Mentre la ricerca prosegue senza sosta parte da Barcellona la prima sperimentazione clinica sull’uomo di una nuova terapia cellulare per tentare di fermare la sclerosi multipla, una malattia autoimmune che colpisce tre milioni di persone nel mondo e 70mila in Italia. Proprio dal nostro paese arriva la notizia della scoperta di una “fonte” di neuroni nelle meningi che potrebbe fornire una nuova arma anche contro la SM.

Intanto due team di ricercatori vareranno quasi contemporaneamente dal mese prossimo in due ospedali catalani, l’Hospital Clinic e il German Trias i Pujol ‘Can Ruti’, la prima applicazione all’uomo di una terapia cellulare dendritica finora sperimentata, con successo, solo sui topi. La sperimentazione catalana – come riporta l’Ansa – interviene in un momento di fermento nella ricerca contro la Sclerosi Multipla.

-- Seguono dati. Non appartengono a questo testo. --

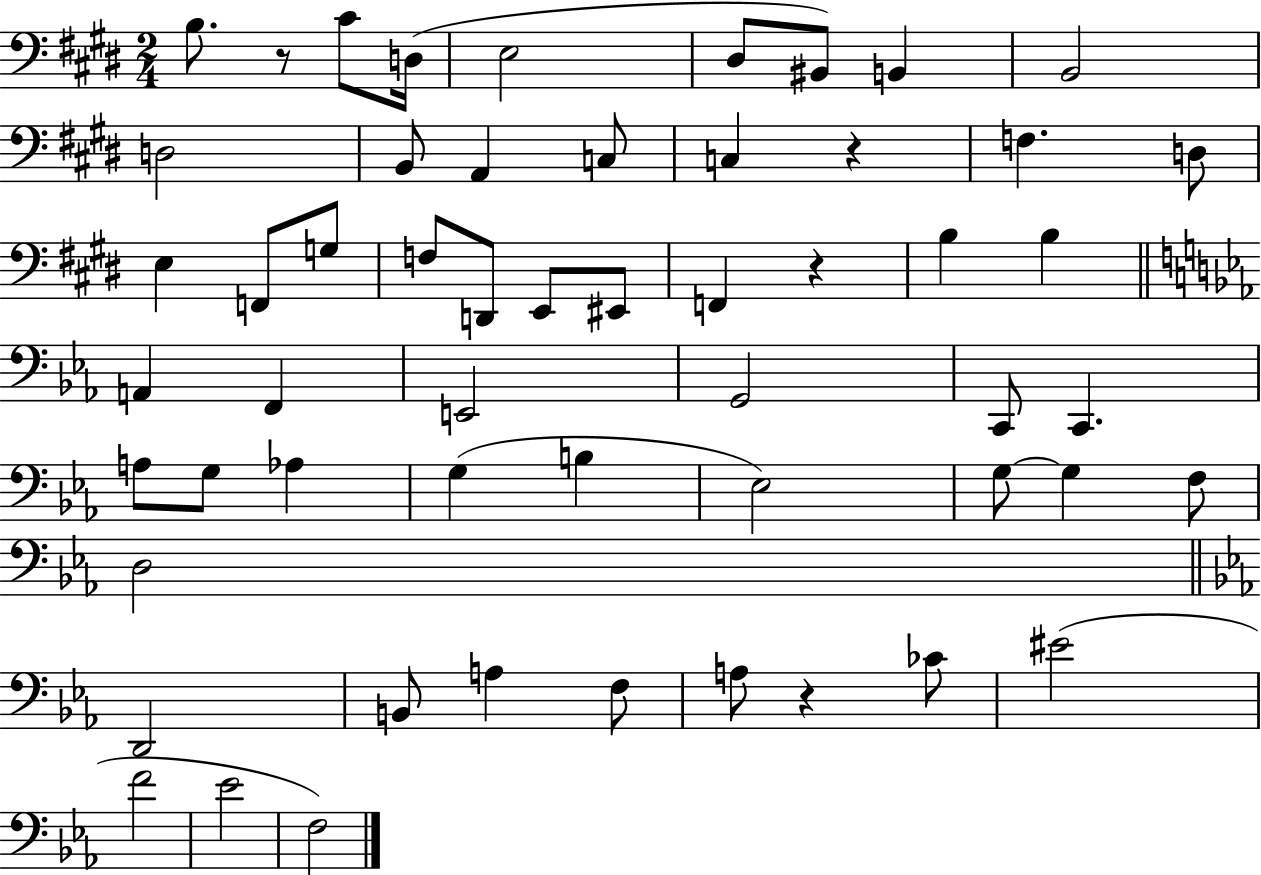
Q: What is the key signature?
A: E major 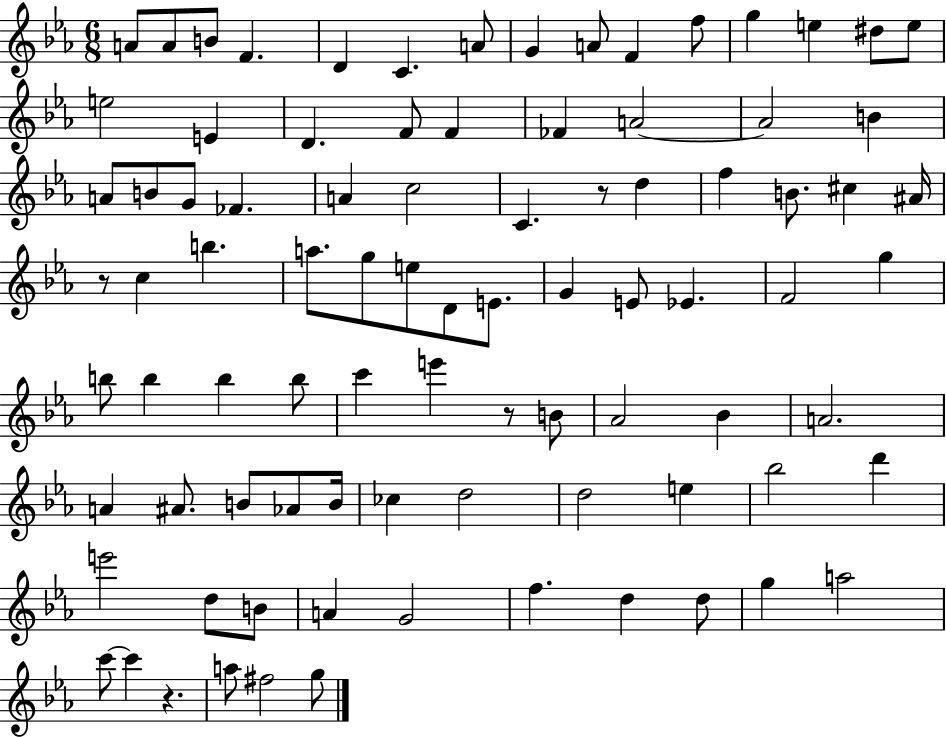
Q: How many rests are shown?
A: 4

Negli ultimi giorni due studi internazionali pubblicati sul New England Journal of Medicine hanno illustrato una nuova terapia farmacologica basata su una sostanza, il ocrelizumab, che potrebbe sostituire migliorandone gli effetti quelle finora usate fra cui l’interferone per cercare di frenare la progressione della malattia.

A volte definita “il cancro del sistema nervoso” la Sclerosi multipla – in forma remittente-recidivante o progressiva – ha effetti devastanti sui malati, spinti verso la disabilità fisica e cognitiva. La terapia cellulare dendritica avviata dai ricercatori catalani usa il sangue dei pazienti per combattere il ‘suicidio’ del sistema immunitario provocato dalla patologia. Le cellule dendritiche sono trattate in laboratorio fra l’altro con vitamina D3 e poi reiniettate nel paziente con la ‘missione’ di combattere l’attacco contro la mielina condotto dagli anticorpi ‘devianti’ dei linfociti B che porta all’infiammazione del tessuto nervoso, a lesioni e alla morte dei neuroni.

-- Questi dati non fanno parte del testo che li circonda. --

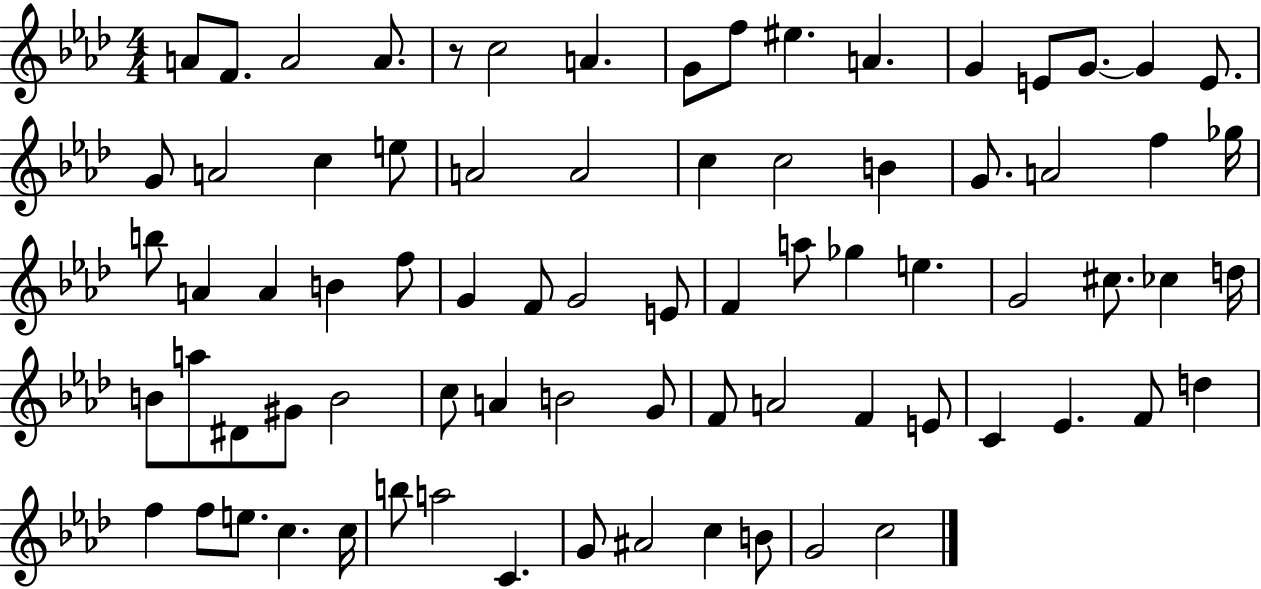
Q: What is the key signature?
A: AES major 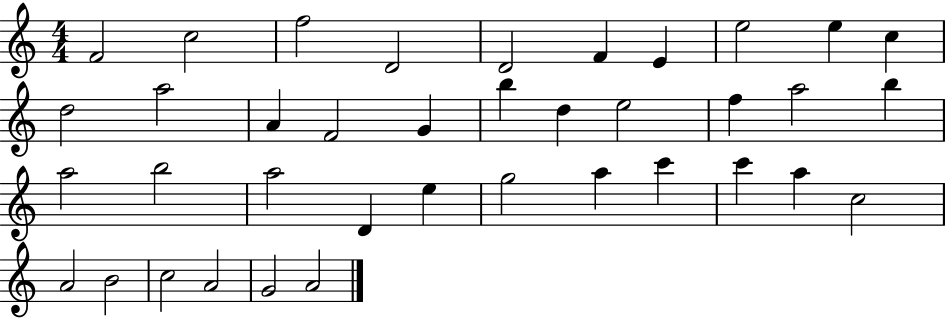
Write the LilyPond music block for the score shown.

{
  \clef treble
  \numericTimeSignature
  \time 4/4
  \key c \major
  f'2 c''2 | f''2 d'2 | d'2 f'4 e'4 | e''2 e''4 c''4 | \break d''2 a''2 | a'4 f'2 g'4 | b''4 d''4 e''2 | f''4 a''2 b''4 | \break a''2 b''2 | a''2 d'4 e''4 | g''2 a''4 c'''4 | c'''4 a''4 c''2 | \break a'2 b'2 | c''2 a'2 | g'2 a'2 | \bar "|."
}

La Sclerosi multipla si sviluppa in modo diverso praticamente in ogni malato. Cosi anche la terapia cellulare dendritica è stata pensata “in forma personalizzata, con dosi diverse, per ogni paziente” spiega Pablo Villoslada, il neurologo galiziano trapiantato im California che guida il team SM del Clinic di Barcellona. La spinta avanti in corso nella ricerca sulla Sm rende più ottimisti gli specialisti: “finora eravamo come i primi oncologi, che potevano solo dire ai malati ‘avete il cancro, ma non possiamo guarirlo’. Ora ci avviciniamo al momento in cui anche noi potremo iniziare a proporre soluzioni” afferma Villoslada. Venti pazienti si sottoporranno per sei mesi alla sperimentazione clinica del Clinic, patrocinata dalla Fondazione Gaem di Vicens Oliver e diretta dalla basca Irati Zubizarreta, e del Can Ruti nel servizio Sm della neurologa Cristina Ramo. Se sarà un successo, la terapia potrà essere estesa ad altri malati nel 2018.